Capítulo 9
Conocimiento y
reconocimiento
¿Cuál
de estas respuestas querría darse a la pregunta de cómo dos dolores pueden ser
uno y el mismo dolor? Me parece que es justo decir que Malcolm da, o sugiere,
ambas respuestas, pero no tengo claro que esto pueda hacerse de modo coherente.

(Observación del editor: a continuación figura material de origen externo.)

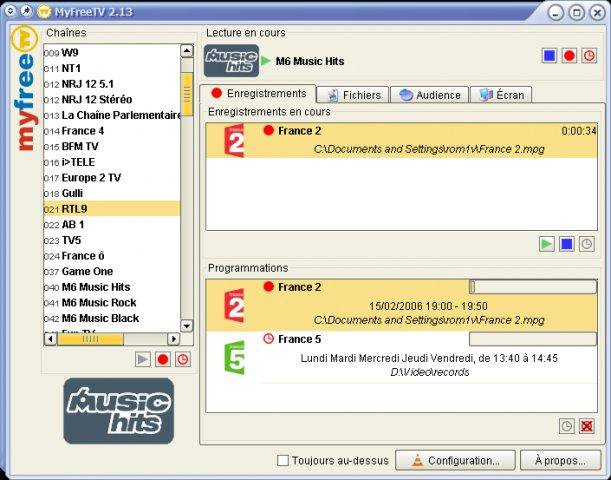 TÉLÉCHARGER MYFREETV WINDOWS 7 7 TÉLÉCHARGER MYFREETV WINDOWS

Porque la primera respuesta parece implicar claramente que también tiene sentido
decir que hay dos dolores, dos iguales;
mientras que la segunda respuesta niega limpiamente que en absoluto tiene
sentido decir que haya dos. Parece ser que con los dolores, como con los
coches, pero no con los colores, podemos decir: en un sentido, hay dos, pero,
en un sentido, hay sólo uno. Y entendemos, o parece que entendemos, cuáles sean
estos sentidos: los filósofos los han llamado “identidad cualitativa” e “identidad
numérica”. Malcolm, por tanto, queriendo negar que exista un sentido correcto
en el que pueda decirse que dolores (descriptivamente) idénticos sean dos, se esfuerza debidamente en mostrar
que la noción de “identidad y diferencia numérica” no tiene aplicación en el caso de las sensaciones. ¿Cómo se explica
esto?
[…]
A Malcolm le parece (p. 142) que, aunque “es grande
(en realidad, irresistible) la tentación de suponer que hay un sentido de ‘la
misma sensación’ según el que dos personas no pueden tener la misma”, sin
embargo, “el caso no es realmente diferente al de los estilos, colores,
opiniones y pensamientos repentinos”. Ateniéndonos al color, ¿cómo vamos a
establecer esta asimilación? O, lo que quizá equivalga a lo mismo, ¿cómo se
puede compartir la confianza de Malcolm en que lo que expresa el escéptico sólo
puede ser “una tentación irresistible” y no un esclarecimiento, un hecho?
[…]
Esto parece mostrar cuán diferentes son los colores de, digamos, los dolores de cabeza. Yo
no puedo contestar sin pensarlo –sin pensarlo significa sin nada que preguntar-
si los objetos idénticamente coloreados tienen numéricamente idénticos colores.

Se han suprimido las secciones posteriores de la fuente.